:: Materials provided ::
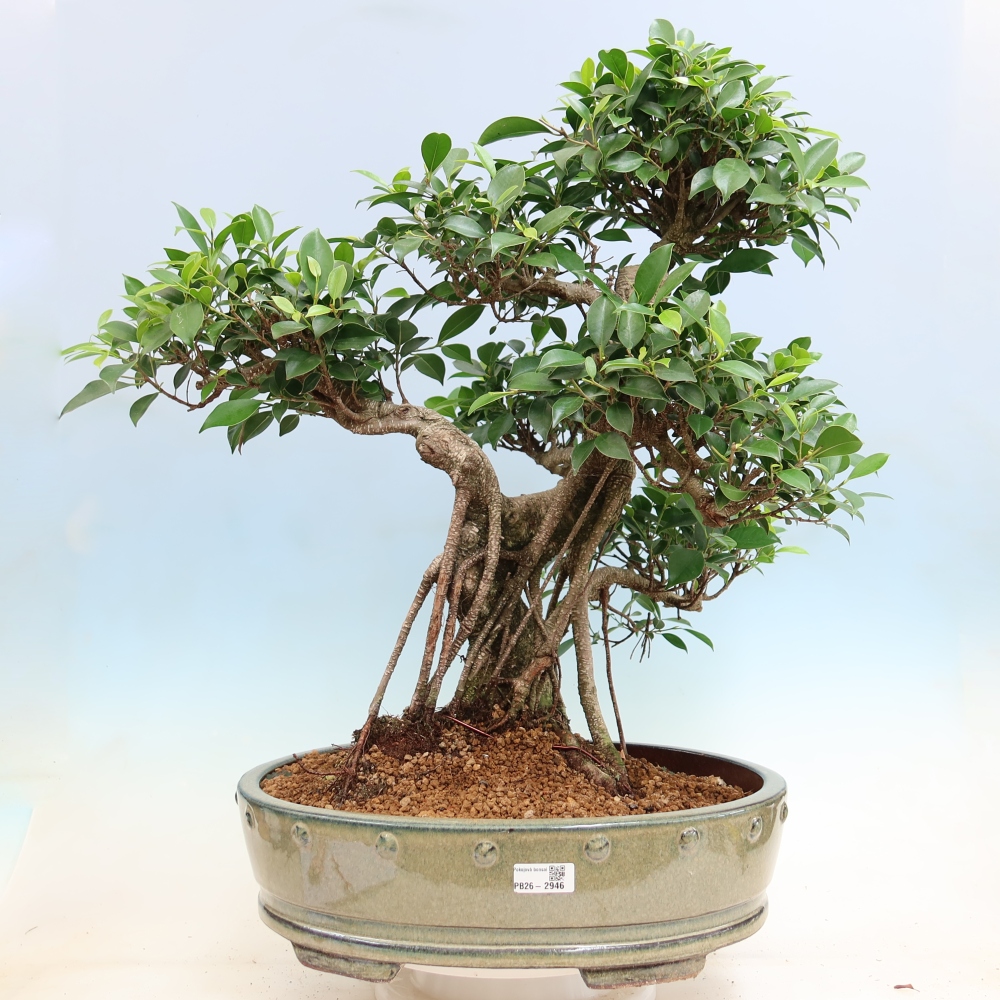 Izbové bonsaje - Ficus kimmen - drobnolistý fikus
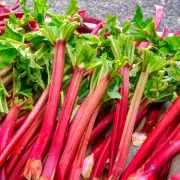 Gardening Secret: One Simple Trick Makes Rhubarb Taste Sweeter Naturally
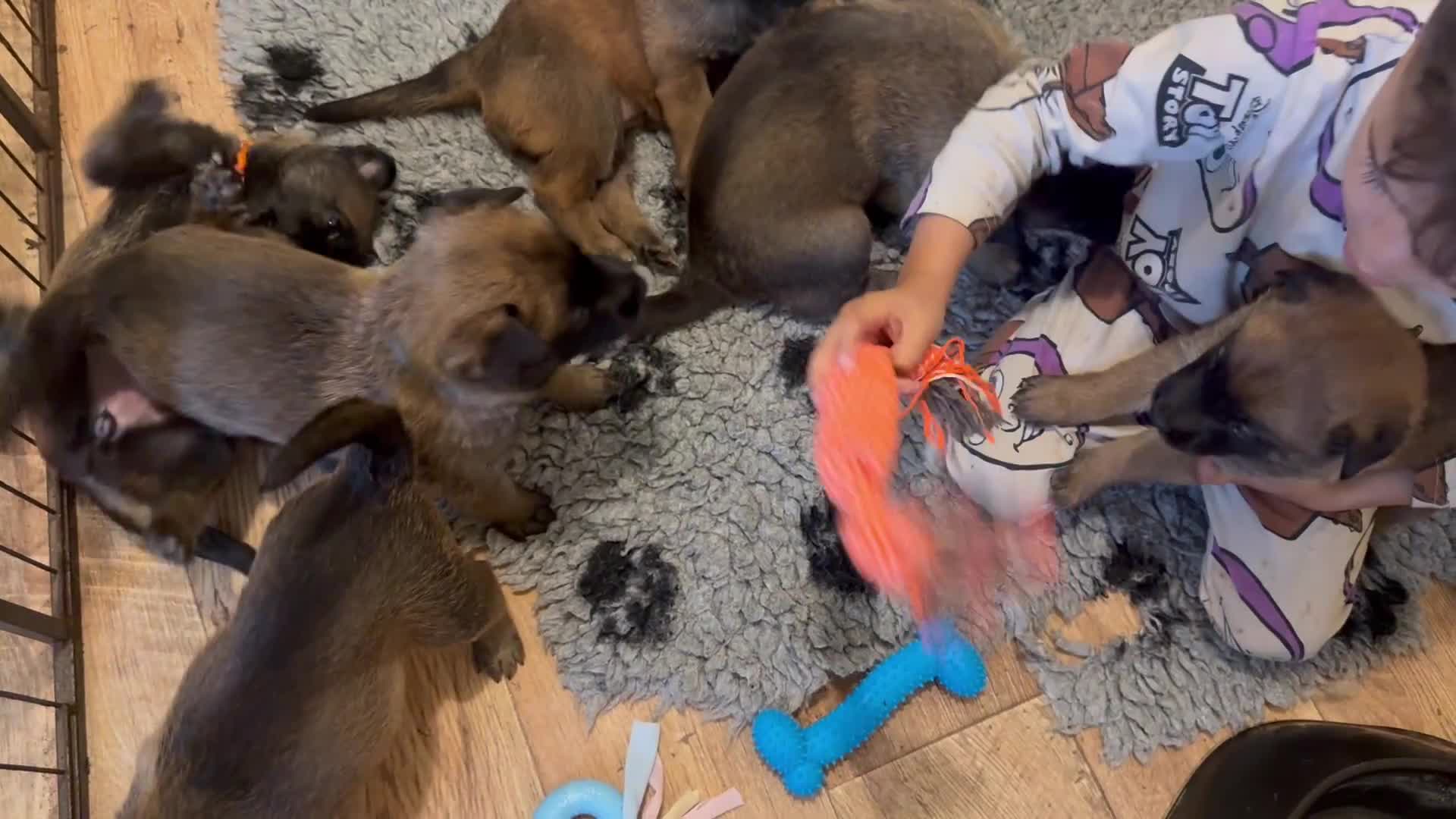 Belgian Shepherd Dog dogs for sale: Chunky pure bred top bloodlines puppies  - Video 1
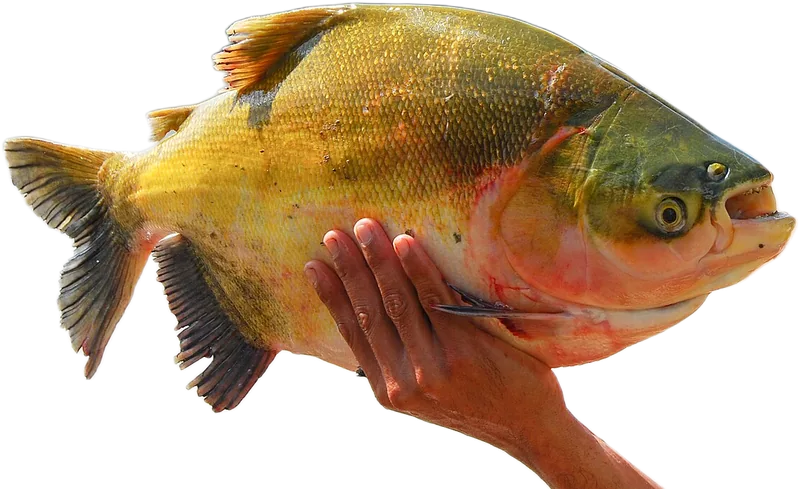 大盖巨脂鲤 Black Pacu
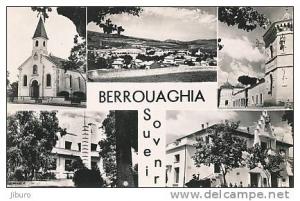 Algérie  /  BERROUAGHIA  /  CPSM dentelée petit format en bon état  // CP 1/743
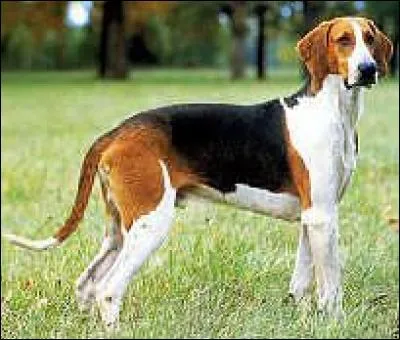 L'anglo-français de petite vénerie est une race de chiens originaire de l'Angleterre.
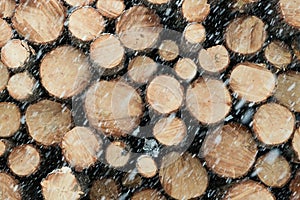 Heavy Snow Falling in Front of Large Stack of Logs
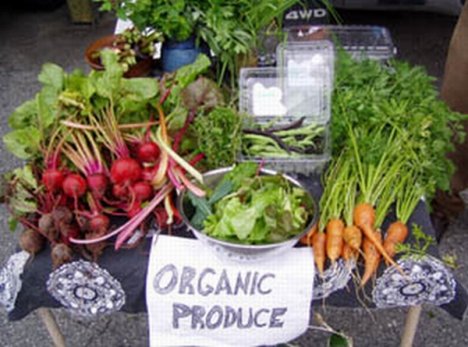 Alimentos orgânicos: vantagens e desvantagens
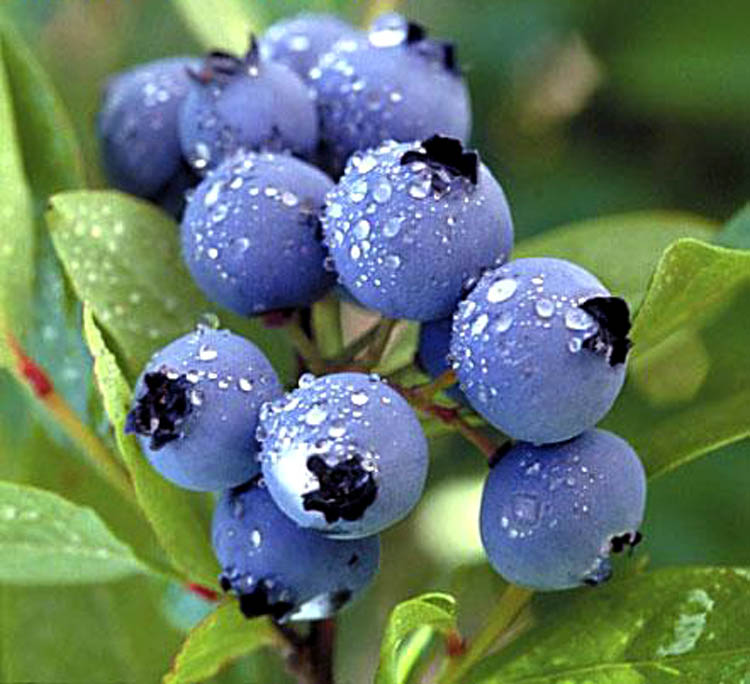 蓝莓四季苗  苗木基地 蓝莓四季苗批发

:: What needs to be done ::
Hand back the records above exactly as they are, pictures excluded.

:: Response to the exercise ::
 Izbové bonsaje - Ficus kimmen - drobnolistý fikus
 Gardening Secret: One Simple Trick Makes Rhubarb Taste Sweeter Naturally
 Belgian Shepherd Dog dogs for sale: Chunky pure bred top bloodlines puppies  - Video 1
 大盖巨脂鲤 Black Pacu
 Algérie  /  BERROUAGHIA  /  CPSM dentelée petit format en bon état  // CP 1/743
 L'anglo-français de petite vénerie est une race de chiens originaire de l'Angleterre.
 Heavy Snow Falling in Front of Large Stack of Logs
 Alimentos orgânicos: vantagens e desvantagens
 蓝莓四季苗  苗木基地 蓝莓四季苗批发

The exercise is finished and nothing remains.